Listeners are the push-style alternative to polling lastProgress(). One event subscription per session opens lazily on the first addListener and tears down on the last removeListener:

import { type StreamingQueryListener } from "@spark-connect-js/node";
const listener: StreamingQueryListener = {
onQueryStarted: (e) => console.log(`started ${e.id}`),
onQueryProgress: (p) => console.log(`batch ${p.batchId}`),
onQueryIdle: (e) => console.log(`idle ${e.id}`),
onQueryTerminated: (e) => console.log(e.exception ?? "(clean)"),
};
await spark.streams.addListener(listener);
// ...
await spark.streams.removeListener(listener);

All four callbacks are optional. Dispatch is serial and awaits async callbacks, so events arrive in order. If the event subscription dies non-recoverably, all listeners are cleared, so re-add them to resume.

A watermark tells Spark how late data may arrive relative to the newest event seen. With one attached, window() buckets rows by event time instead of arrival time:

import { col, count, window } from "@spark-connect-js/node";
const counts = spark.readStream
.format("rate")
.load()
.withWatermark("timestamp", "10 minutes")
.groupBy(window(col("timestamp"), "5 minutes"))
.agg(count("*").alias("events"));
await counts.writeStream
.format("memory")
.queryName("windowed")
.outputMode("append")
.start();

window(timeColumn, windowDuration, slideDuration?, startTime?) returns a struct column of { start, end }, tumbling when slideDuration is omitted. session_window(timeColumn, gapDuration) opens a new session whenever the gap between consecutive events exceeds gapDuration. Both group by event time and are unrelated to the OVER-clause specs in Window functions.

In append mode a window’s row is emitted only once the watermark passes the window’s end, so each result is final, and late rows beyond the watermark are dropped.
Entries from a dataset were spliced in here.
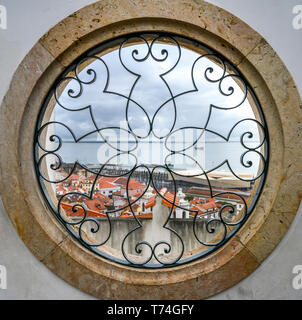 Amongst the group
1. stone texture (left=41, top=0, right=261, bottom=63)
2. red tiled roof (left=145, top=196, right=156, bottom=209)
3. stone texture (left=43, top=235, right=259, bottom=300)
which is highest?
stone texture (left=41, top=0, right=261, bottom=63)

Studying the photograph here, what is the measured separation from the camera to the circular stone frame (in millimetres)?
1375

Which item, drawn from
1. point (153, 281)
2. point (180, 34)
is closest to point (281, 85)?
point (180, 34)

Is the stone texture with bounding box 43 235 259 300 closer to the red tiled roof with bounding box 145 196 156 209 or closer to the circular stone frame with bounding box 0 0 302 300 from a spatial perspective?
the circular stone frame with bounding box 0 0 302 300

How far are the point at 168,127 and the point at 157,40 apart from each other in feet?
1.71

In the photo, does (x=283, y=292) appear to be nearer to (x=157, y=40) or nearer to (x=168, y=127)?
(x=168, y=127)

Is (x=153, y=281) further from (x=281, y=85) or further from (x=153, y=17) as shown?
(x=153, y=17)

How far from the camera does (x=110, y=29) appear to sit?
1.42 m

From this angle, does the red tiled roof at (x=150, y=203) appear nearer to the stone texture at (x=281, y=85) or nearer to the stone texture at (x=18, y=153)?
the stone texture at (x=18, y=153)

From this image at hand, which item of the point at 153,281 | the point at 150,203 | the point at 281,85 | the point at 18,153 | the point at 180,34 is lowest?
the point at 153,281

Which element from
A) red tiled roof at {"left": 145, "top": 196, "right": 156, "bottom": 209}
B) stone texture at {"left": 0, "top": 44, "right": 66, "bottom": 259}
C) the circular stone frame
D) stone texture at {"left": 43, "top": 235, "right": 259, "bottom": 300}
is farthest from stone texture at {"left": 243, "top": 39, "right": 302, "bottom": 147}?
stone texture at {"left": 0, "top": 44, "right": 66, "bottom": 259}

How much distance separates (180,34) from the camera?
4.68 ft

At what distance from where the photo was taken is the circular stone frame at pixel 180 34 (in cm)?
138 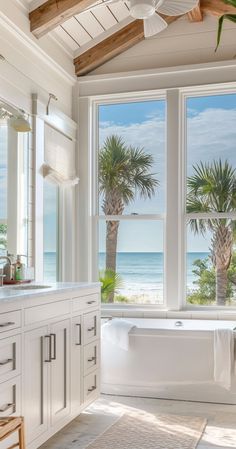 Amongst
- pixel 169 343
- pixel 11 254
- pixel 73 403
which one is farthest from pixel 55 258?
pixel 73 403

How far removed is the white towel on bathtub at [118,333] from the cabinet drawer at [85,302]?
50cm

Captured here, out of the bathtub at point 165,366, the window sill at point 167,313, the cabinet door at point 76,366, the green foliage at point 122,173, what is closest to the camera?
the cabinet door at point 76,366

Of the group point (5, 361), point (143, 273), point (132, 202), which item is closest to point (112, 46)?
point (132, 202)

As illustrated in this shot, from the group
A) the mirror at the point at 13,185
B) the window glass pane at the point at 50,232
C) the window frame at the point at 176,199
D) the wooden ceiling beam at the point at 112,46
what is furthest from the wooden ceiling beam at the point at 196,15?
the window glass pane at the point at 50,232

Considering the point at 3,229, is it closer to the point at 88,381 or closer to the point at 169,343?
the point at 88,381

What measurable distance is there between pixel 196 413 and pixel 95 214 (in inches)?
91.0

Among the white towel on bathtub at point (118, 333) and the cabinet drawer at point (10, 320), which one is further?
the white towel on bathtub at point (118, 333)

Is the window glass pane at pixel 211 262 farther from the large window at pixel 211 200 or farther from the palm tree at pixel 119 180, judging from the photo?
the palm tree at pixel 119 180

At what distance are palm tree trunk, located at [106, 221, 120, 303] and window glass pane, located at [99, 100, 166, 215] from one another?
14 cm

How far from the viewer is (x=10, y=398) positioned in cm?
241

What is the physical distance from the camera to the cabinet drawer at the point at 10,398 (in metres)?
2.33

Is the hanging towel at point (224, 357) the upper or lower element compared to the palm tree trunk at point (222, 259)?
lower

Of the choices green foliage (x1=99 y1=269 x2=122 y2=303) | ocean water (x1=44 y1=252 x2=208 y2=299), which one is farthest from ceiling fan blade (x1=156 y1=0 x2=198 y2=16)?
green foliage (x1=99 y1=269 x2=122 y2=303)

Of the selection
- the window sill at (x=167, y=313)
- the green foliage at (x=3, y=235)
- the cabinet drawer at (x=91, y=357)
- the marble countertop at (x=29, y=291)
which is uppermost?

start() rejects with a SparkConnectError carrying the server’s errorClass when the query can’t begin (unknown source, bad options). A query that fails after starting reports through exception():

const err = await query.exception(); // { message?, errorClass?, stackTrace? } | null

foreach and foreachBatch need JS UDF execution and are not yet available.

The full runnable version is in examples/node-streaming.